### ASSIGNED TASK
Exactly and only the lines from the one with "[予約]アルパカタッチVネックカーディガン/ivory" through the last line of the records need to be set down; please skip the pictures.

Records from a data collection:
►

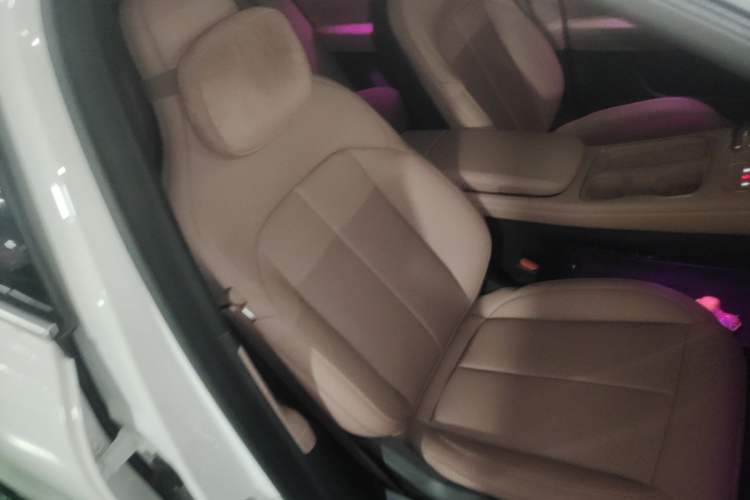 Used Nio EC6 2023 75 kWh Right Front Seat
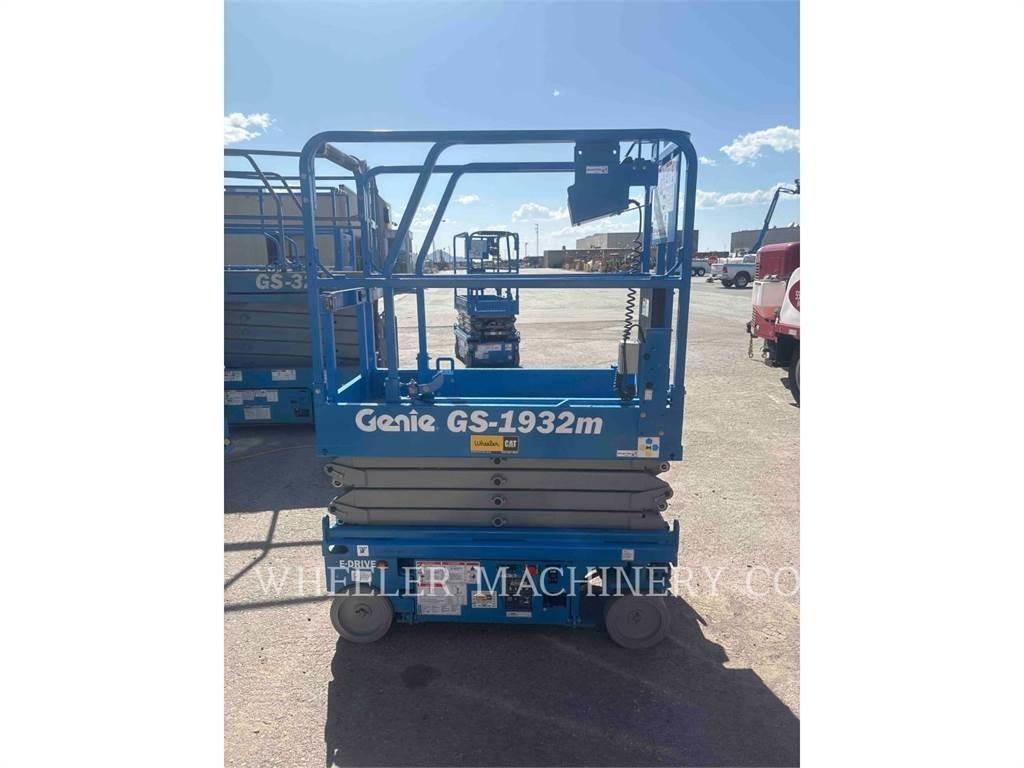 Genie GS1932M Scissor lifts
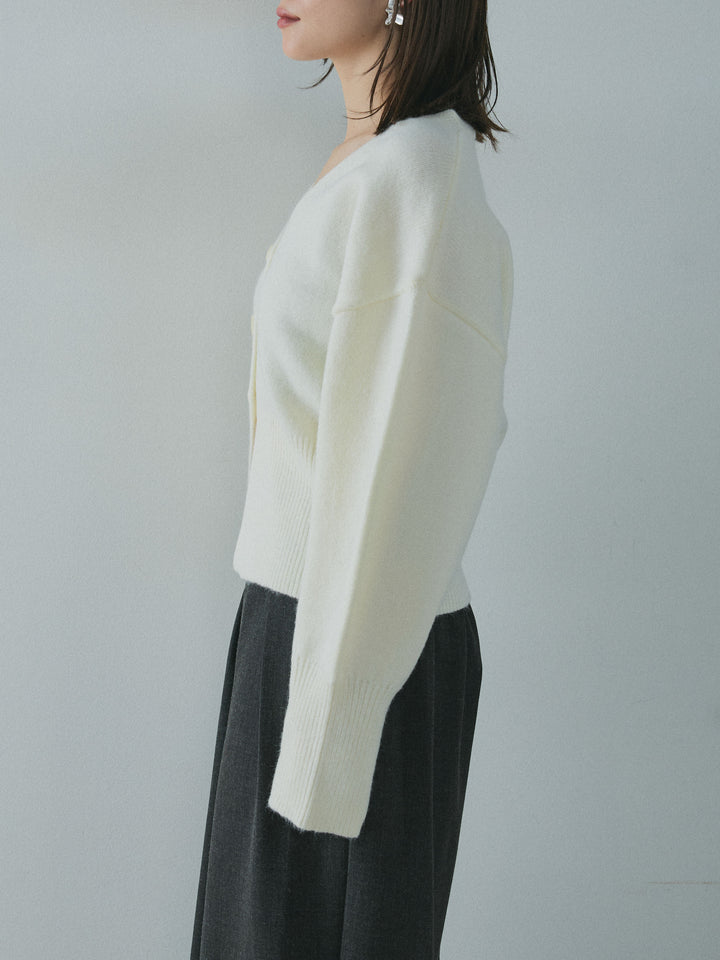 [予約]アルパカタッチVネックカーディガン/ivory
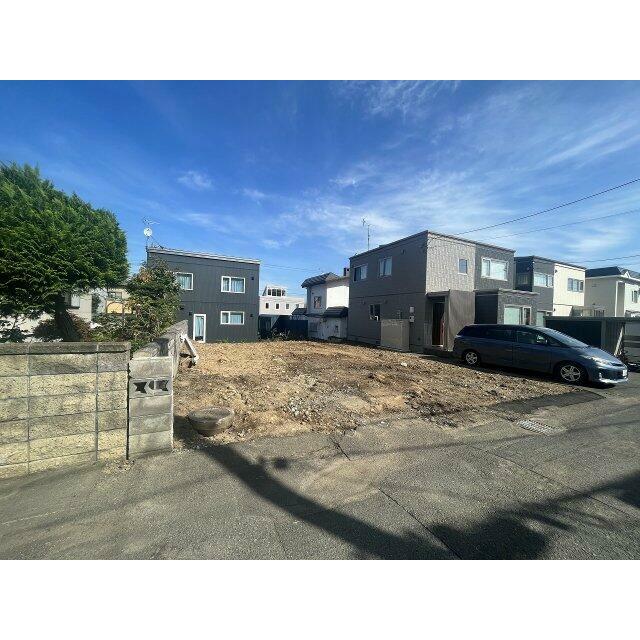 西側より本物件を撮影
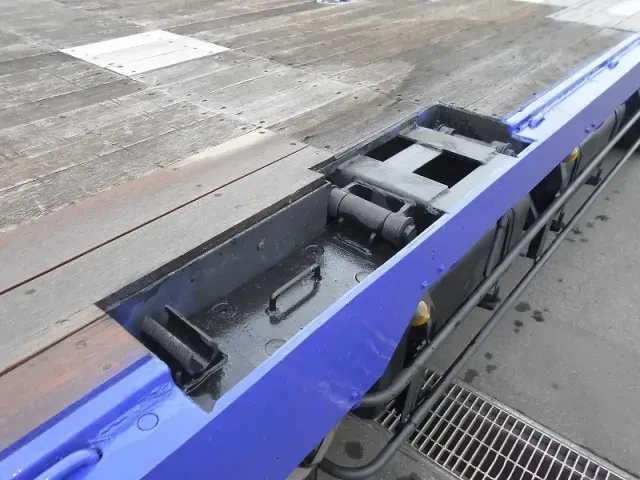 いすゞ ギガ PJ-CYJ51W5(8x4)の写真13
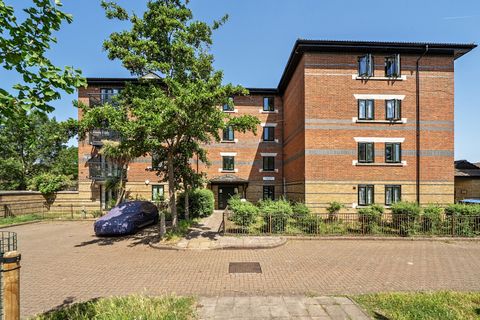 Holywell Close, London SE16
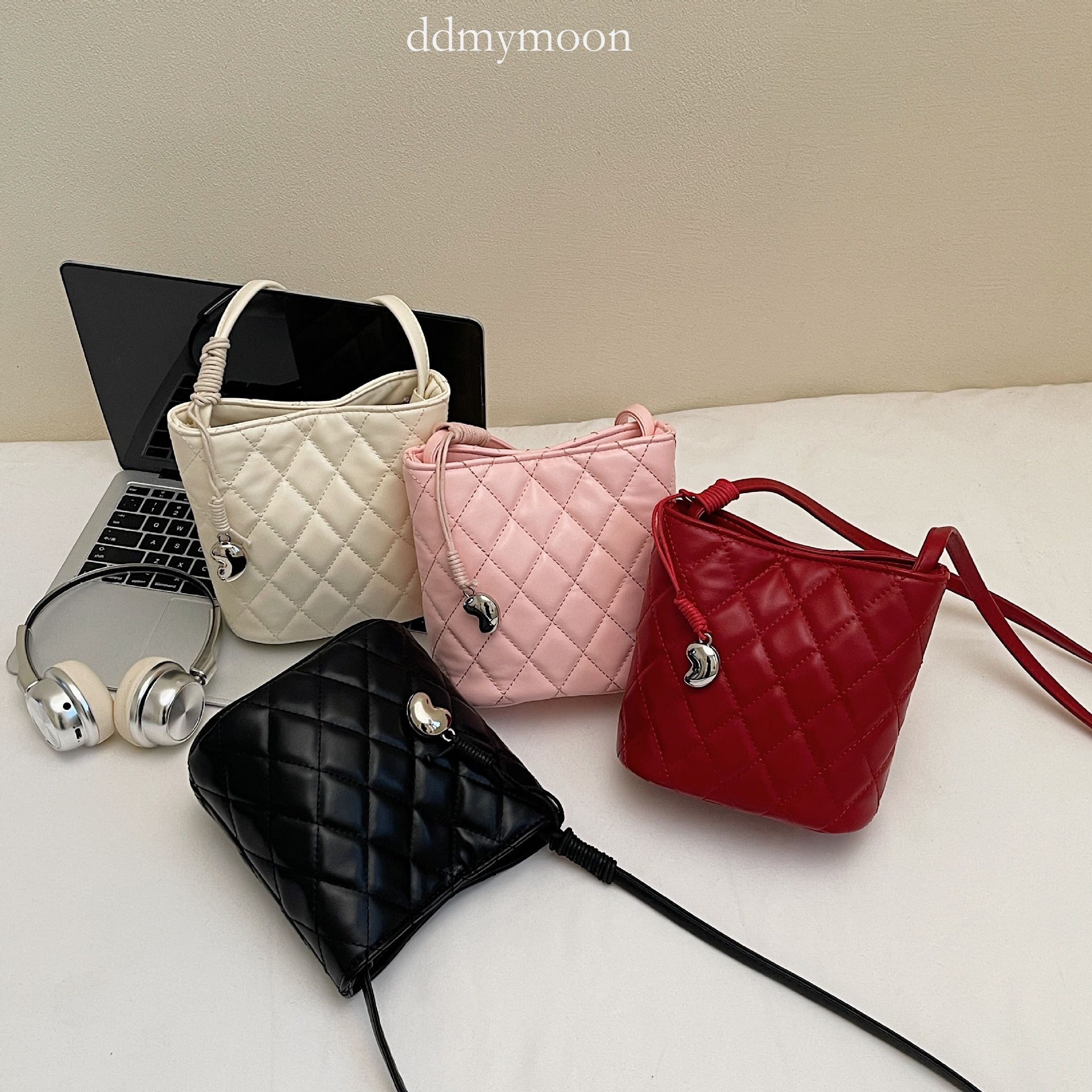 New Handbag Embroidery Quilted Small Women's Shoulder Crossbody High-Quality Texture Casual Bucket Bag ddmymoon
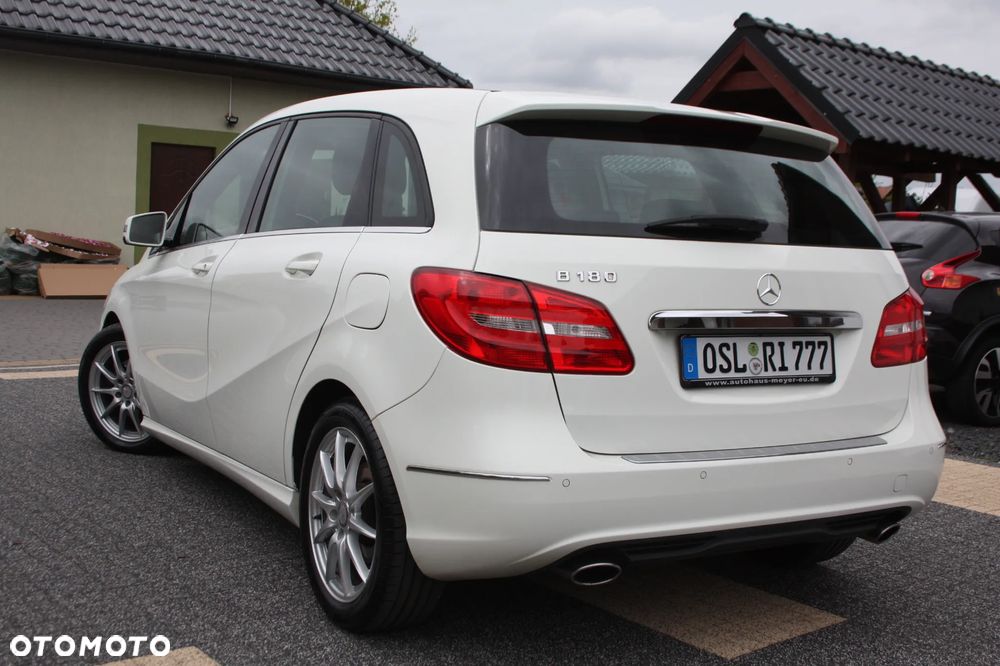 Mercedes-Benz Klasa B 180 Edition - 5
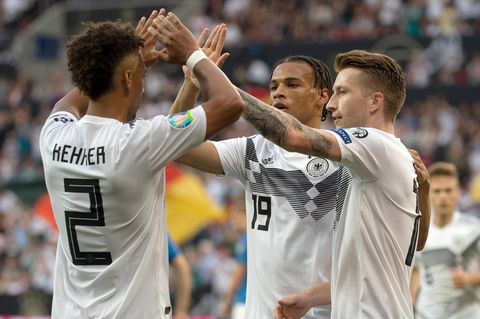  EM-Qualifikation: Deutschlands Thilo Kehrer, Leroy Sane und Torschütze Marco Reus bejubeln das 1:0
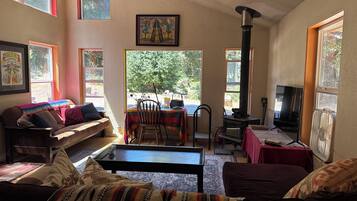 Smart TV, fireplace, offices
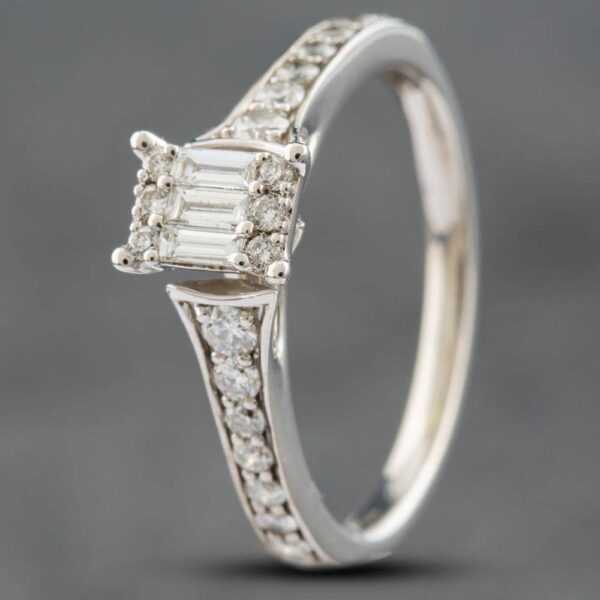 Pre-Owned 9ct White Gold Diamond Baguette & Brilliant Cut Diamonds Cluster Ring 4148952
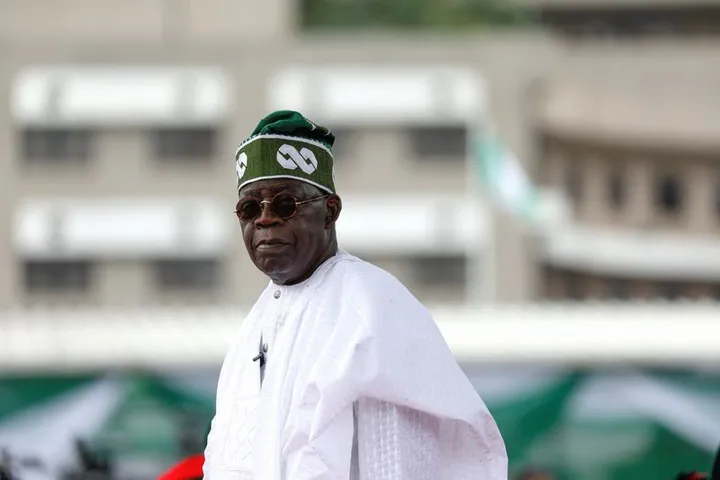 Tinubu ya umarci masu riƙe da muƙaman siyasa da ke son tsayawa takara a zaɓen 2027 su ajiye aiki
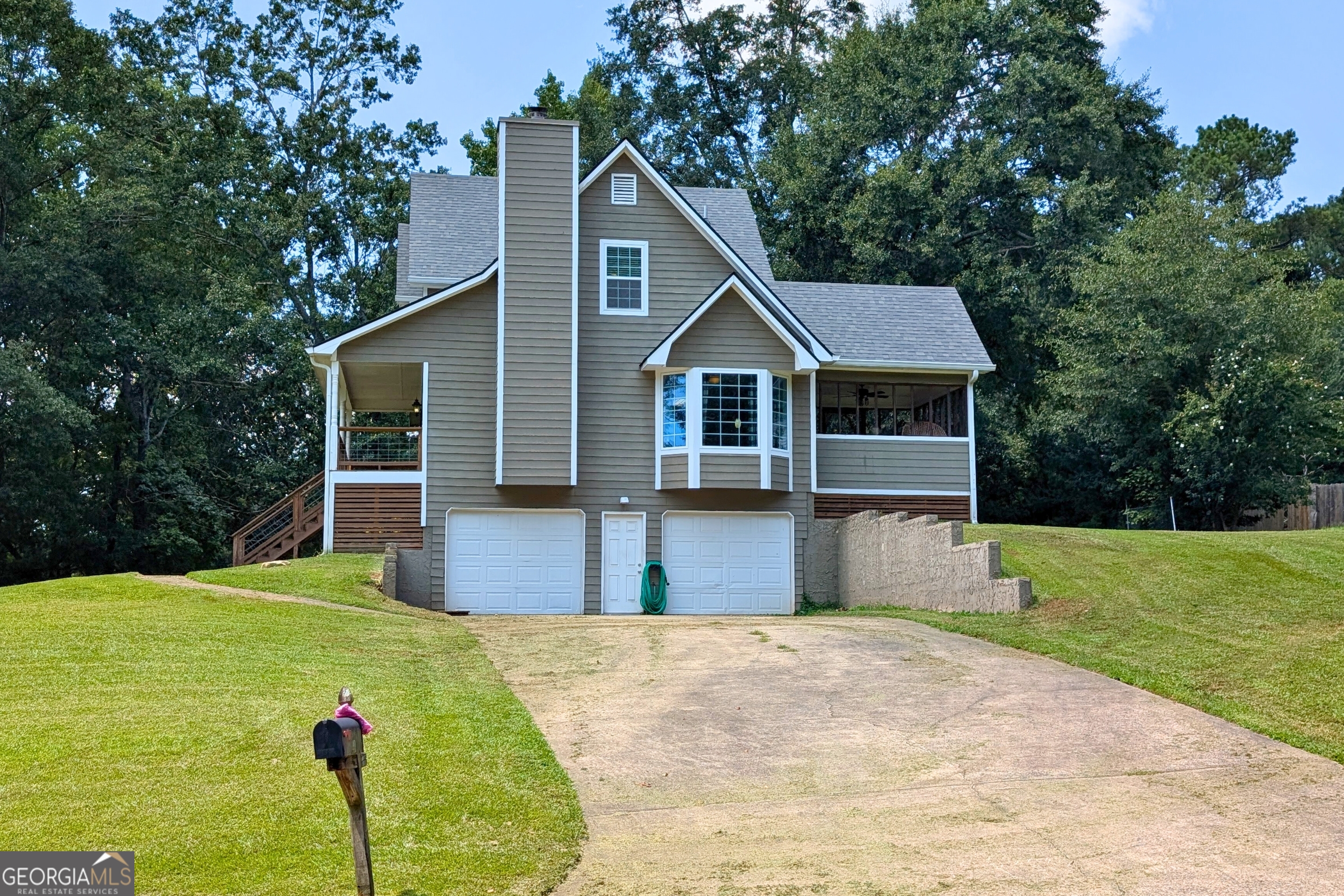 40 Stratford Drive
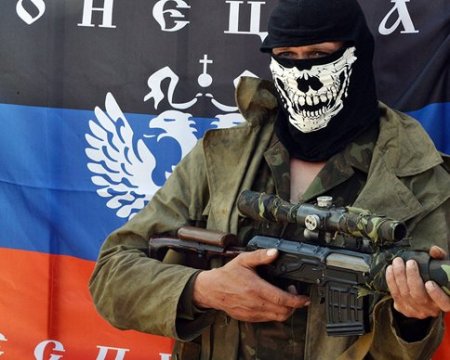 Ситуация в Горловке: город продолжают обстреливать, во дворах стоит военная техника «ДНР» Ситуация в Горловке: город продолжают обстреливать, во дворах стоит военная техника «ДНР»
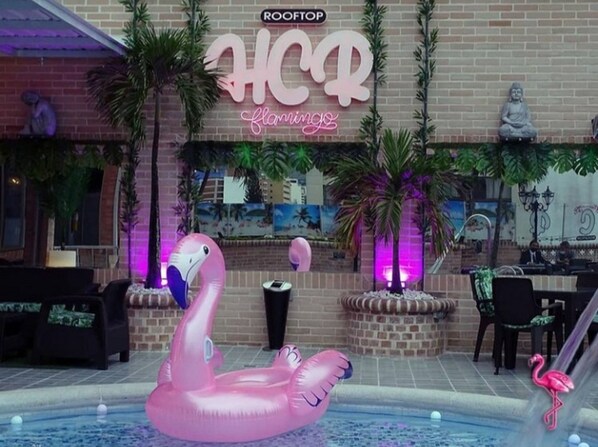 Breakfast, lunch, dinner served; alfresco dining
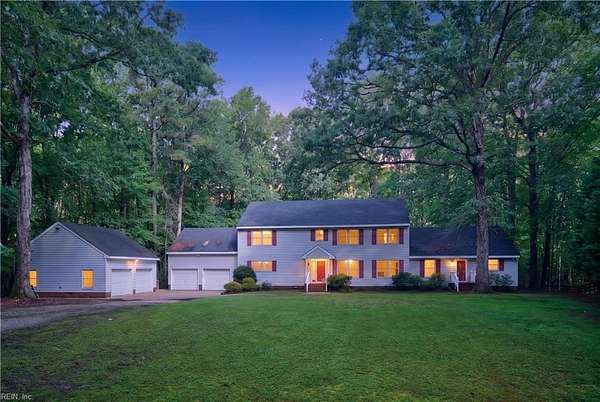 4.15 Acres of Land with Home for Sale in Suffolk, Virginia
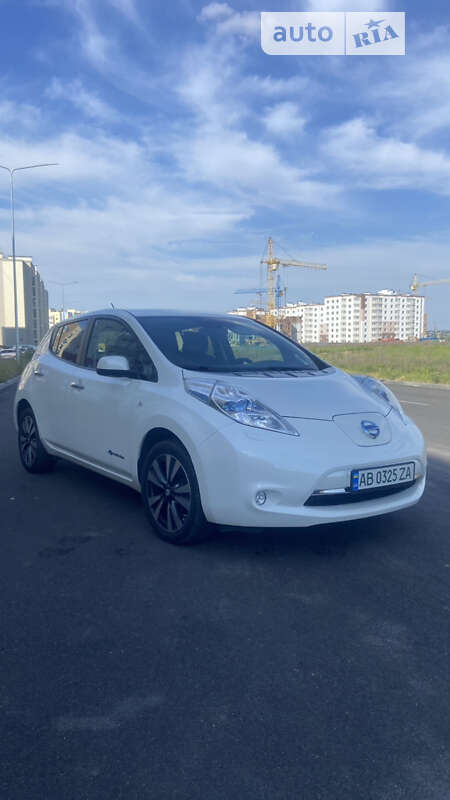 2015 nissan leaf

◄

### ANSWER SPACE
 [予約]アルパカタッチVネックカーディガン/ivory
 西側より本物件を撮影
 いすゞ ギガ PJ-CYJ51W5(8x4)の写真13
 Holywell Close, London SE16
 New Handbag Embroidery Quilted Small Women's Shoulder Crossbody High-Quality Texture Casual Bucket Bag ddmymoon
 Mercedes-Benz Klasa B 180 Edition - 5
  EM-Qualifikation: Deutschlands Thilo Kehrer, Leroy Sane und Torschütze Marco Reus bejubeln das 1:0
 Smart TV, fireplace, offices
 Pre-Owned 9ct White Gold Diamond Baguette & Brilliant Cut Diamonds Cluster Ring 4148952
 Tinubu ya umarci masu riƙe da muƙaman siyasa da ke son tsayawa takara a zaɓen 2027 su ajiye aiki
 40 Stratford Drive
 Ситуация в Горловке: город продолжают обстреливать, во дворах стоит военная техника «ДНР» Ситуация в Горловке: город продолжают обстреливать, во дворах стоит военная техника «ДНР»
 Breakfast, lunch, dinner served; alfresco dining
 4.15 Acres of Land with Home for Sale in Suffolk, Virginia
 2015 nissan leaf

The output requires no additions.